AI systems don't just fail —
they fail the people using them.
I study the specific ways people misunderstand AI — what those misunderstandings look like, what produces them, and what interventions work. My background is in computer science and machine learning; I did my PhD studying how people use AI systems because that was where the interesting and underserved questions were. Six years at Queen's University's EQUIS lab, building AI systems, running controlled studies, and producing findings detailed enough to change a design decision.
PhD, Computing · Queen's University, 2024
13 publications · CHI, ASSETS, HAI, CHI PLAY
Users form beliefs about AI from what they need it to do —
and act on those beliefs even when they're wrong
When AI doesn't respond as expected, users don't update their model — they modify their behaviour. They change how they provide input, repeat actions that had no effect, or perform actions that provide no input at all, believing these will change what the AI does. This pattern appears across different users, different AI systems, and different tasks. It is not random user error. It is a predictable consequence of how users form beliefs about AI — from what they need the system to do, not from what they observe it doing.
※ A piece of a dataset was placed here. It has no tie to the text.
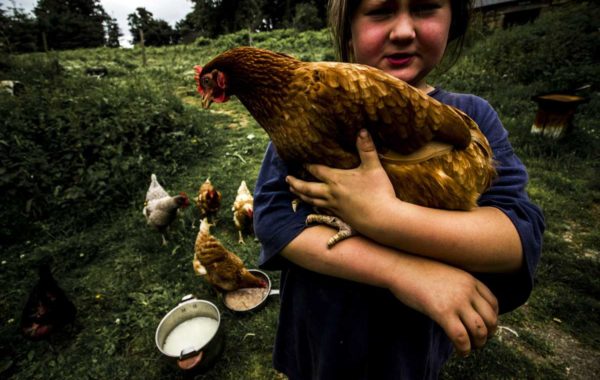 © Martin Bertrand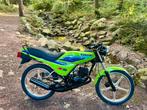 Kawasaki AR50, Motoren, Particulier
A taxonomy of these errors documents twelve categories with a specific structure and explains why different beliefs produce the same observable behaviour.
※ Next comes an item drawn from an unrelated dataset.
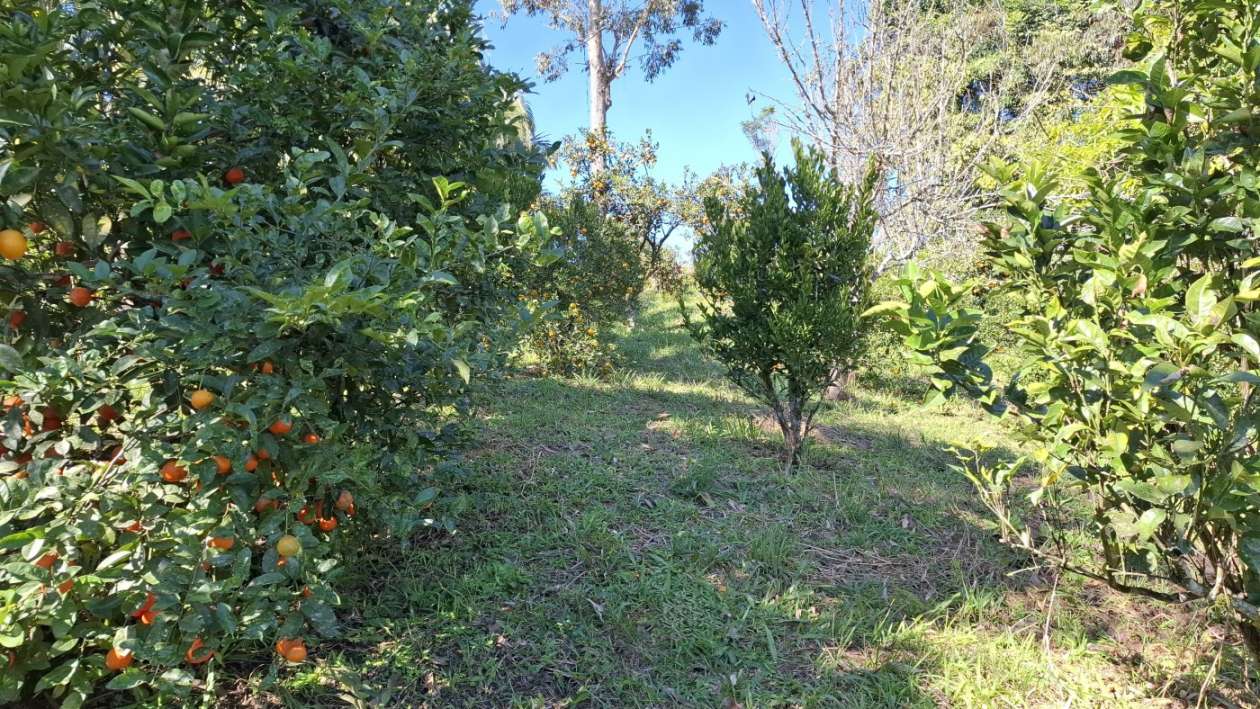 Sítio, 3 quartos, 3 hectares - Foto 24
Knowing what the AI intends to do next
helps users decide when to rely on it
Awareness cues — interface elements that communicate what the AI intends to do next — were designed in response to observed failure. When players knew what the AI intended, they could make an informed decision about whether to defer or override. Trust appropriateness improved — measured as Matthews Correlation Coefficient against a known ground truth — without changing how often players relied on the AI. They deferred when the AI was right and overrode it when it wasn't. Understanding the structure of the failure determined what kind of fix to look for.
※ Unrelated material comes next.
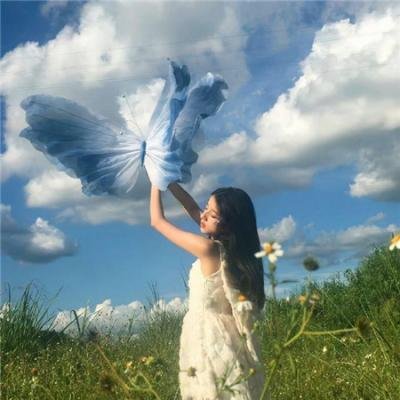森林 在线观看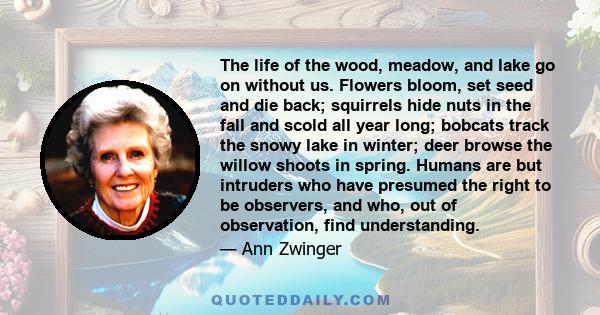 The life of the wood, meadow, and lake go on without us. Flowers bloom, set seed and die back; squirrels hide nuts in the fall and scold all year long; bobcats track the snowy lake in winter; deer browse the willow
When AI handles what users cannot,
users can accomplish what they otherwise couldn't
Partial automation — an AI partner handling inputs a player cannot produce while they retain control of everything else — was studied with players who had spinal cord injuries. All could play both games. The ground truth for whether this worked is not a benchmark score. It is what participants said about what it meant: autonomous rather than passive participation, access to feelings of competence, activities they had believed were no longer available to them. One participant said that playing with AI assistance could show patients that "there's still lots to do in life."